INTERVIEWER: Where is the artistry in poetry? Is it the imagery, the cadence, the choice of subject?

COLLINS: Well, it’s sort of like doing six or seven things at a time. In prose, one just has to write sentences, one after the other. In poetry, you have to — you don’t have to write sentence, but I haven’t had a better way to express myself than the sentence, and lines at the same time. Because the line is the second unit or maybe the primary unit of poetry. So lines are delivered one at a time. So those are two things to think about. And even packaging the poem into stanzas is another consideration that is part of the craft of poetry.

INTERVIEWER: When you hold classes with students about poetry, you talk about X-raying a poem. I think we’re hearing a little bit of that right now. Can you explain a little bit more what that means?

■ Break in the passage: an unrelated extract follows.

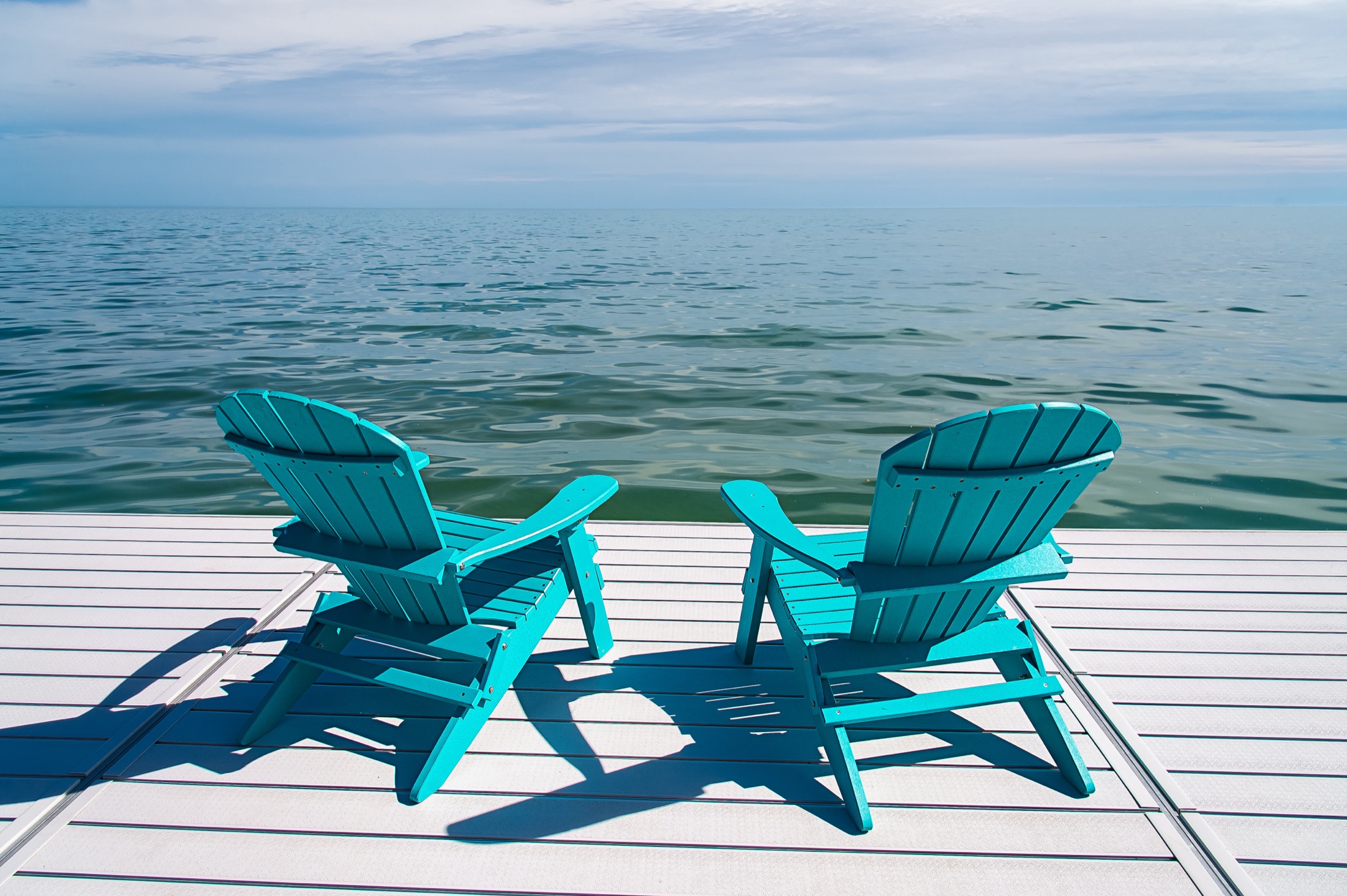 Two blue beach chairs sitting on a dock in front of open ocean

COLLINS: Well, I think to X-ray a poem is really to find how it gets through itself. When I start a poem, I have an inkling of where the thing is going. I’m not completely in the dark, but I don’t know exactly where it’s going, and that curiosity is kind of what drives me to continue through the poem. And I think if we take a famous poem and we imagine that Keats has written four lines of it, but he doesn’t know what the fifth line is or any of the subsequent lines, then we have a sense that the art of poetry is really a matter of finding a path, an imaginative path which results in a conclusion or some kind of ending. So when I teach poetry, I try to not use the question what does this poem mean, so much as how does this poem continue, how does it commence and how does it keep going, and how does it stop?